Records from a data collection
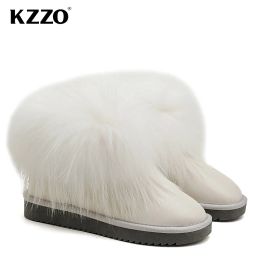 Sandals KZZO Fashion Style Natural Real Fox Fur Women Snow Boots Genuine Leather Wool Lined Ankle Winter Warm Shoes Waterproof White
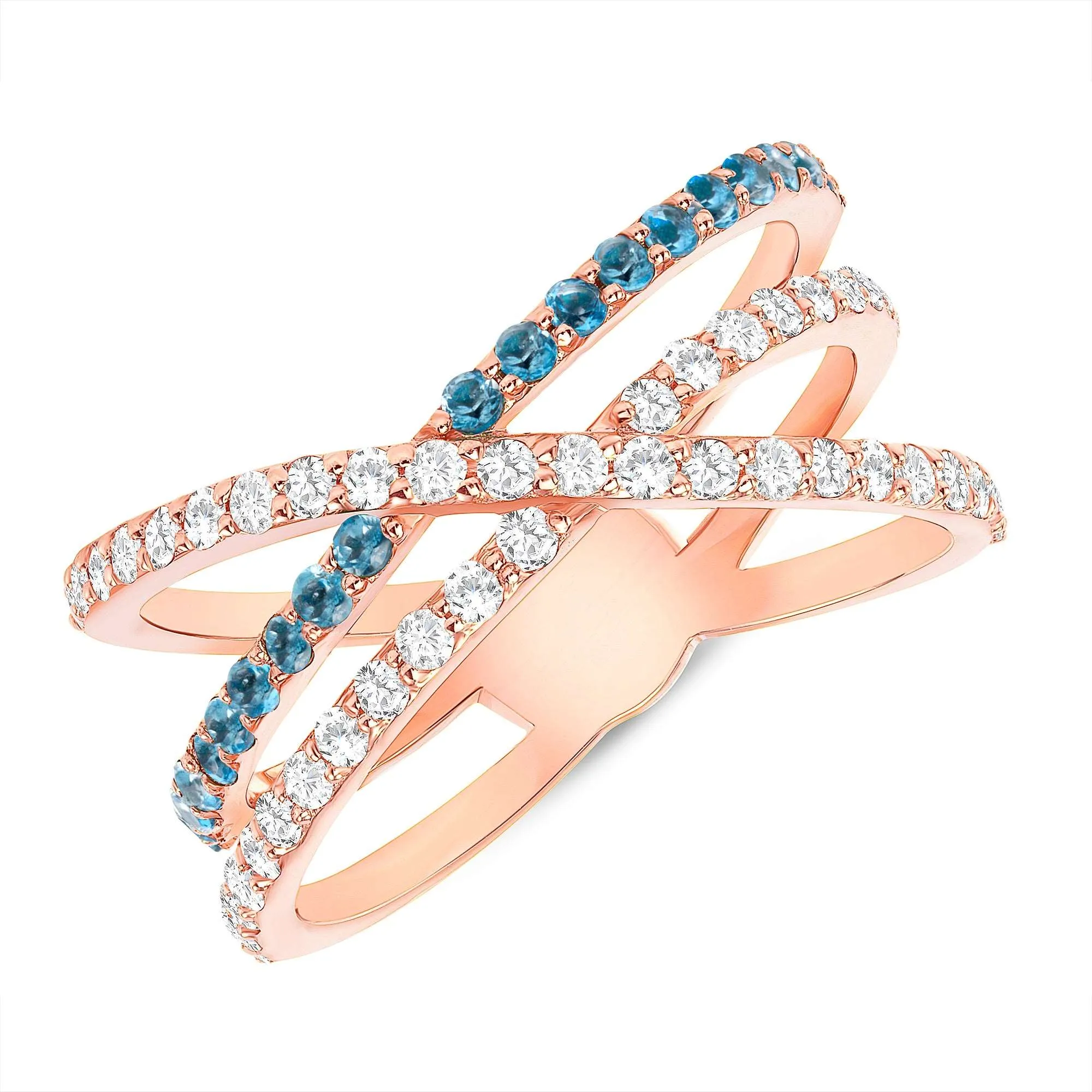 14K Diamond & Blue London Topaz Criss-Cross Ring
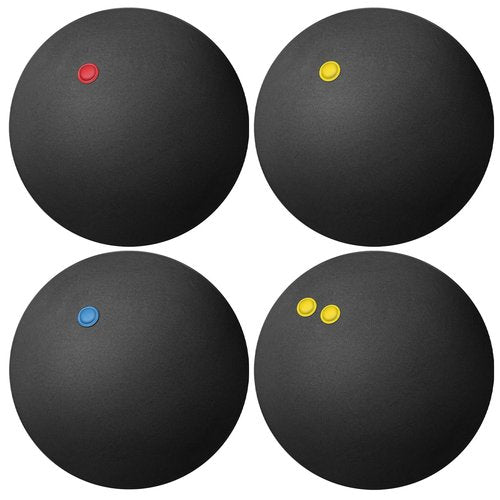 Toddmomy 4 Pcs Squash Balls, Double Yellow Dots, Single Yellow Dots, Single Red Dots, Single Blue, Sports Squash Ball High Bounce Squash Ball for Beginners and Training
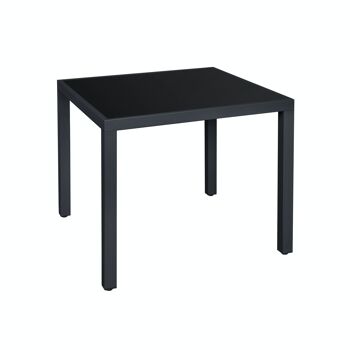 Table de terrasse avec plateau en verre noir 1
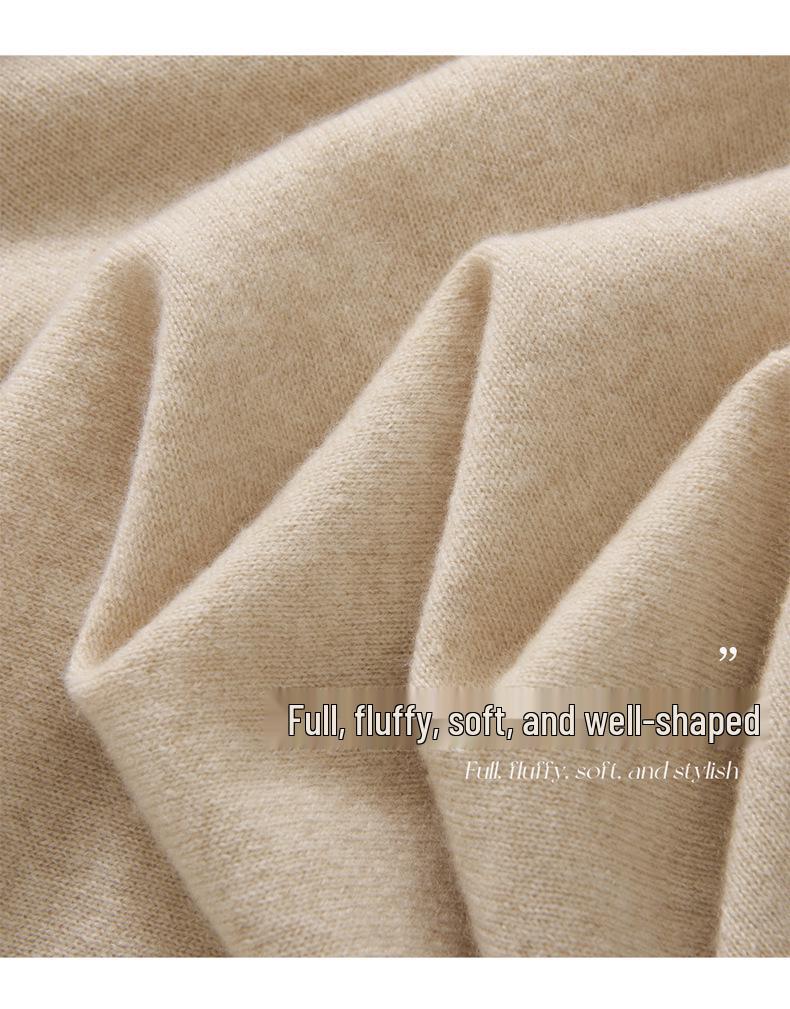Women's 100% Cashmere Round Neck Loose Knit Sweater - Autumn/Winter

▶ **WORK TO COMPLETE**: Repeat each record verbatim, pictures excluded.

▶ **TASK SOLUTION**:
 Sandals KZZO Fashion Style Natural Real Fox Fur Women Snow Boots Genuine Leather Wool Lined Ankle Winter Warm Shoes Waterproof White
 14K Diamond & Blue London Topaz Criss-Cross Ring
 Toddmomy 4 Pcs Squash Balls, Double Yellow Dots, Single Yellow Dots, Single Red Dots, Single Blue, Sports Squash Ball High Bounce Squash Ball for Beginners and Training
 Table de terrasse avec plateau en verre noir 1
Women's 100% Cashmere Round Neck Loose Knit Sweater - Autumn/Winter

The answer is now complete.